Há detentos em cima dos telhados e ainda é possível ouvir gritos e disparos de arma de fogo. Pelo menos um pavilhão, que abrigava cerca de 250 homens, foi totalmente destruído.
De acordo com informações da Secretaria de Estado da Segurança Pública e da Defesa Social (Sesed/RN), há 10 mortos espalhados pelos pavilhões rebelados. Alguns deles, decaptados.
Agentes penitenciários e policiais que atuam na unidade prisional, afirmaram que o número de mortos é muito maior. O Governo do Estado, porém, ainda não atualizou os dados.
Para tentar conter a rebelião, homens do Batalhão de Choque da Polícia Militar chegaram à unidade prisional no início deste domingo (15). A entrada deles nos pavilhões teve início por volta das 7h.
O helicóptero da Sesed pousou no pátio externo da casa carcerária e deverá reforçar as ações de contenção dos rebelados. Cerca de 40 homens da Força Nacional reforçam a guarda externa da penitenciária para evitar fugas.
A guerra entre facções – Primeiro Comando da Capital (PCC) e Sindicato do RN – motivou a rebelião.
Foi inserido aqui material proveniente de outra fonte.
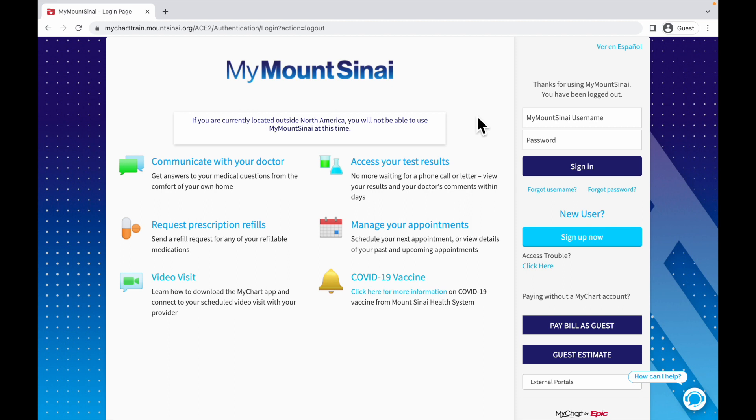Hi, this is Walter at the New York Public Library. Today, I'm going to show you how to request prescription refills using MyChart.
Presos do Pavilhão Rogério Coutinho Madruga, considerado de segurança máxima, escaparam das celas e pularam o muro.
Depois eles cercaram o Pavilhão 3 e forçaram os presos que não pertencem a nenhuma das facções rebeladas a ajudá-los na invasão de outro Pavilhão.
Em seguida, eles cercaram o Pavilhão 4 e renderam os presos, que integram o Sindicato do RN. A partir daí, foi iniciado o confronto. Além das mortes, filmadas e distribuídas em grupos de Whatsapp pelos próprios detentos, eles destruíram a estrutura física das celas. Além disso, atearam fogo em colchões e atiraram pedras contra agentes penitenciários e policiais militares que estão nas guaritas.
Do lado de fora, familiares aflitos aguardam notícias e clamam pela entrada da Polícia Militar nos pavilhões para a retomada do controle da maior unidade prisional do Rio Grande do Norte.
A Penitenciaria Estadual de Alcaçuz tem capacidade para 620 homens, mas abriga cerca de 1.150. Construída numa região de dunas, cujo acesso é feito por estrada de barro, é cenário constante de rebeliões e mortes de presos.
O governo estadual emitiu nota no final da noite do sábado (14). O gabinete de crise chefiado pelo governador Robinson Faria (PSD) admitiu pelo menos 10 mortes.